Iniesta’s Vineyard Flourishes as He Retires From Spanish Soccer
(Bloomberg) -- Spain’s World Cup winning striker Andres Iniesta may have played his last soccer match for the country, but his family’s wine-making sideline is emerging as a new ballgame.
Iniesta, 34, announced his retirement from the national side after Spain exited this year’s competition when it lost to the hosts Russia on penalties in the second round. France beat Croatia in the final in Moscow last Sunday to become World Cup winners for a second time.
His decision to leave La Roja -- as Spain’s national team is known -- came a few months after Iniesta said he would leave FC Barcelona to join the Japanese club Vissel Kobe, causing stocks of his vineyard’s wine to sell out in the Asian country. His family is now in talks to sell a stake in the business to his new employers, said Agustin Lazaro, managing director of the winery, Bodega Iniesta.
“Wine has always been a tradition for our family, but we didn’t have enough economic power to set up a winery until Andres entered the world of soccer,” said Jose Antonio Iniesta, Andres’s father and the winery’s chief executive officer. “Our goal has always been doing what we like, without necessarily making money. But we’ve been doing things well and so we keep growing.”
The mix of soccer and high-quality products is paying off, said managing director Lazaro. Minuto 116, a wine named after the minute of the 2010 World Cup final in which Iniesta scored the goal that gave Spain its first and only title, is key to penetrate markets in countries where soccer is popular.
The winery produced 1.2 million bottles in 2017, a 500 percent jump compared to 2010. But while seven years ago Spain was its only market, 60 percent of last year’s revenue came from abroad.
Founded in 2010 in Iniesta’s hometown of Fuentealbilla, 275 kilometers (172 miles) southeast of Madrid, the fortunes of the vineyard mirrors a wider boom in business for the Spanish wine industry, the biggest in the world with about one million hectares under cultivation and 530,000 grape growers. Exports climbed to 2.85 billion euros ($3.31 billion) in 2017, a record high, up percent from a year earlier and 289 percent more than in 1995, according to data from the Spanish Wine Market Observatory.

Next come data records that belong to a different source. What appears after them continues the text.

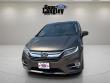 2018 Honda Odyssey Touring Minivan/Van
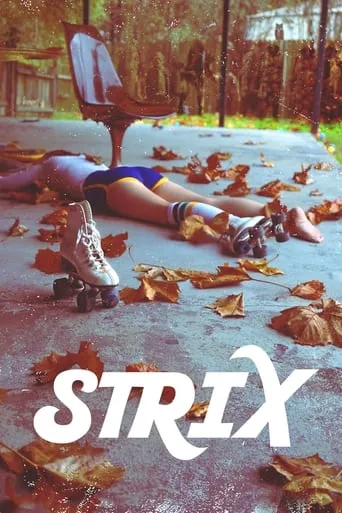 Strix movie poster - Rated 1/10
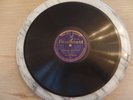 78 RPM Paramount 12251 Ida Cox Graveyard Bound Blues /Mississippi River Blues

“The fall of internal consumption and spirit production and the development of Spanish wine brands explain why exports are surging,” Rafael del Rey, director of the agency known as OEMV, said in an interview at his office in Madrid. “And now, especially in new markets such as Asia and North America, Spanish companies are well equipped to compete.”
Although most of the 2.3 billion liters sold abroad last year was bulk wine, the industry is increasingly betting on premium products to compete with well-established producers such as France and Italy, he said.
“In Spain you can find small, peculiar wineries, traditional brands, high-end as well as high-volume producers,” del Rey said. “And they’re all improving their business.”
The business is, however, patchy with many companies operating close to break-even, said Javier Perez, who helps manage the 233 million-euro portfolio of Banca March’s Vini Catena, a fund that invests in international listed companies related to the wine.
“Spanish wine is regarded as an emerging world star, but the industry is still very atomized,” he said.
For its part, the Iniesta’s family winery is on a roll as his fame as a soccer maestro boosts awareness of the brand.
“We’re exporting to 39 countries,” his father said. “With Andres moving to Japan, we’re going to expand even more internationally.”